BNFC / bnfc

BNF Converter
http://bnfc.digitalgrammars.com/
588 stars 164 forks source link

Juxtaposing quotation mark #436

Open sergey-goncharov opened 1 year ago

sergey-goncharov commented 1 year ago

This grammar Exp. Exp ::= Ident "'" ; generates a parser that correctly parses x ', but not x' for some reason. I've played with other characters, including other quotation symbols, such as and then both x’ and x ’ are recognized, which is imho the correct behaviour. Any particular reasons, why ' is treated specially (and how to avoid it?)? Thanks!

andreasabel commented 1 year ago

Since Idents can contain quotation marks, x' will parse as an identifier.
You can define your own identifier tokens, e.g.:

Exp.

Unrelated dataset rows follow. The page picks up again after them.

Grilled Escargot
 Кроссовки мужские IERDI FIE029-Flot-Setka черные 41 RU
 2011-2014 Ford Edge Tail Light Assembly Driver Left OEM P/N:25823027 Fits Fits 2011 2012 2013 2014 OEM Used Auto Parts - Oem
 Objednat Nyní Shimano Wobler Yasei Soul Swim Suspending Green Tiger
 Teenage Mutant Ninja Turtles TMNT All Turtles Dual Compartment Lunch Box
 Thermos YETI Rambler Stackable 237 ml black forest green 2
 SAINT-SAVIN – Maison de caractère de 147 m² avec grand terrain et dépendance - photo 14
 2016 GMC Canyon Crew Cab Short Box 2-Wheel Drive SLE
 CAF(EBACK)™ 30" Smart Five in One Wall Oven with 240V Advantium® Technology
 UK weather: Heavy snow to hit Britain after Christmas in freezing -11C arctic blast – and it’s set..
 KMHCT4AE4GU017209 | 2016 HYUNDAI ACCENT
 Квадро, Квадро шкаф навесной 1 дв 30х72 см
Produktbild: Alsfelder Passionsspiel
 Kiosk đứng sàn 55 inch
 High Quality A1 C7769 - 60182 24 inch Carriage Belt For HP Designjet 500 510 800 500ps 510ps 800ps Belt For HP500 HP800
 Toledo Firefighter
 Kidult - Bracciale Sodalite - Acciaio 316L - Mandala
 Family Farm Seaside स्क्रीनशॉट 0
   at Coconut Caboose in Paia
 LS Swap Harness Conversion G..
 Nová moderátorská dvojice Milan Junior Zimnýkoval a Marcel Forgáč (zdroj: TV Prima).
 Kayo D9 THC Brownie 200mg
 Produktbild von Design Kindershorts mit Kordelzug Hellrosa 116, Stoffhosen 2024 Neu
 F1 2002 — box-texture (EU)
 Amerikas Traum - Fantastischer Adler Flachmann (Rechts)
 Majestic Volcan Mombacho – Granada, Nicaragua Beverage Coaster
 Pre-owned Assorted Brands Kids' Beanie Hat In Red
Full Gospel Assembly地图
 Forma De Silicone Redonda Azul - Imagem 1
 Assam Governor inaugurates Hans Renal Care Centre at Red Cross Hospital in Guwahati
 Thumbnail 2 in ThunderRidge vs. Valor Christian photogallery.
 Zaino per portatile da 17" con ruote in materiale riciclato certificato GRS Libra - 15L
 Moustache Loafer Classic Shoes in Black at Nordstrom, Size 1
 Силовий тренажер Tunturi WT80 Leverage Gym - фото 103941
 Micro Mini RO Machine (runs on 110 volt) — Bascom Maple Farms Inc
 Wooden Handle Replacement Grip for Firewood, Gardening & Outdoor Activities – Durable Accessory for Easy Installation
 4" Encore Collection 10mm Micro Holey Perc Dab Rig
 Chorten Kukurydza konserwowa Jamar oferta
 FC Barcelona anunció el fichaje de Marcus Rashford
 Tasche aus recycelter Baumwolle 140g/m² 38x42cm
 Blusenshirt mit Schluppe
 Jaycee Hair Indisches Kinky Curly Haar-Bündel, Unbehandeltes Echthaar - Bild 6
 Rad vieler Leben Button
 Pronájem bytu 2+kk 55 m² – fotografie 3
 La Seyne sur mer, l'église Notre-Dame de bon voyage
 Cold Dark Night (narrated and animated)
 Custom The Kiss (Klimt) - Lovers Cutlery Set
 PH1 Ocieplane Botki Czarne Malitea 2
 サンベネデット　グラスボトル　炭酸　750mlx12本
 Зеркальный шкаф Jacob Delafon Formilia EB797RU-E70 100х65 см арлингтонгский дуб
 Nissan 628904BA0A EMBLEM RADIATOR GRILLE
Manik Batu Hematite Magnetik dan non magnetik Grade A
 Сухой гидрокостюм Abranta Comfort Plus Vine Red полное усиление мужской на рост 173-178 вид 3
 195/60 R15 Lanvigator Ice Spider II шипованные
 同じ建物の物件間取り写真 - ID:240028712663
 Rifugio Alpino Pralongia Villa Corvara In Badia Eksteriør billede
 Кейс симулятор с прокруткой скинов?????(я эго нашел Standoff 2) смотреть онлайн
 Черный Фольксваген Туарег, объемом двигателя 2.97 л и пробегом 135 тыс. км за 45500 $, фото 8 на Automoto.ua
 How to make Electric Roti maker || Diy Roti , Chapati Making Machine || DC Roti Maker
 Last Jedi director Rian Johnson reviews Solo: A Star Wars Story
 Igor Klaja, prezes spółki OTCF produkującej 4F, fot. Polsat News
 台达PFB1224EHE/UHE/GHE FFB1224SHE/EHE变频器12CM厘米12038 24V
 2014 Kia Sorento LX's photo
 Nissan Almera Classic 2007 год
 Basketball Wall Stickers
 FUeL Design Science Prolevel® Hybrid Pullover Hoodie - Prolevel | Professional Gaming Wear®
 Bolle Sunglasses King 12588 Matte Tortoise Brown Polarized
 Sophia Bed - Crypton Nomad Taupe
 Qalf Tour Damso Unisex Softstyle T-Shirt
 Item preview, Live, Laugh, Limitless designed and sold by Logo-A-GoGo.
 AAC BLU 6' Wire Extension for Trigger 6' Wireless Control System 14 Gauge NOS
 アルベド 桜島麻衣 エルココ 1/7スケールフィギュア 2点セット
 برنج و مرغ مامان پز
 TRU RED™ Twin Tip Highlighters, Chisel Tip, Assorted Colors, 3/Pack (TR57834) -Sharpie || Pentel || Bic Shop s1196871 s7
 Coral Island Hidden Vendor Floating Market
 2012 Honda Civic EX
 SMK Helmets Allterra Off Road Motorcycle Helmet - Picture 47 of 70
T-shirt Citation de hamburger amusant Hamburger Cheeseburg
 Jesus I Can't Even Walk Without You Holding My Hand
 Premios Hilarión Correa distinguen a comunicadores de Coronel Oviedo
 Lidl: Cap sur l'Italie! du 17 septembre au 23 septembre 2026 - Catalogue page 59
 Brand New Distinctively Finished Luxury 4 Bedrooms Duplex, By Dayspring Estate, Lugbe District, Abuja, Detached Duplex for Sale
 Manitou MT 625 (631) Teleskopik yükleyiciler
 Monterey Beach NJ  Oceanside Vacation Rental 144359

Exp ::= Id "'";
token Id letter (letter | digit | '_')*;

This works as expected in the "imperative" backends (C, C++, Java) but not in the "functional" ones (Haskell, OCaml).

The problem is in how the functional backends implement the lexer: they always include lexing of Ident, so that keywords can be lexed as Ident and then classified as keywords later. This is to prevent explosion of the lexer automata.
Unfortunately, it leads to this bug.

Related:

sergey-goncharov commented 1 year ago

Thanks, Andreas, for a quick reply!

Exp. Exp ::= Id "'";
token Id letter (letter | digit | '_')*;

That is roughly how I started. I've just minimized that example, since the problem persisted. I am following the basics steps from the tutorial, which suggests to use Test, generated with bnfc -d -m for basic testing.

andreasabel commented 1 year ago

Yes, unfortunately "'" isn't a proper operator character atm in the standard backend (Haskell). You can use this invocation instead, to use the C backend instead of the Haskell one.

bnfc --c -m GRAMMAR.cf
jasper-e commented 1 year ago

Yes, unfortunately "'" isn't a proper operator character atm in the standard backend (Haskell). You can use this invocation instead, to use the C backend instead of the Haskell one.

bnfc --c -m GRAMMAR.cf

My problem is that I combine bnfc Haskell backend with Haskell-based uuagc... I would highly appreciate a command line flag for the Haskell backend to omit including Ident, which I could put in my Makefile...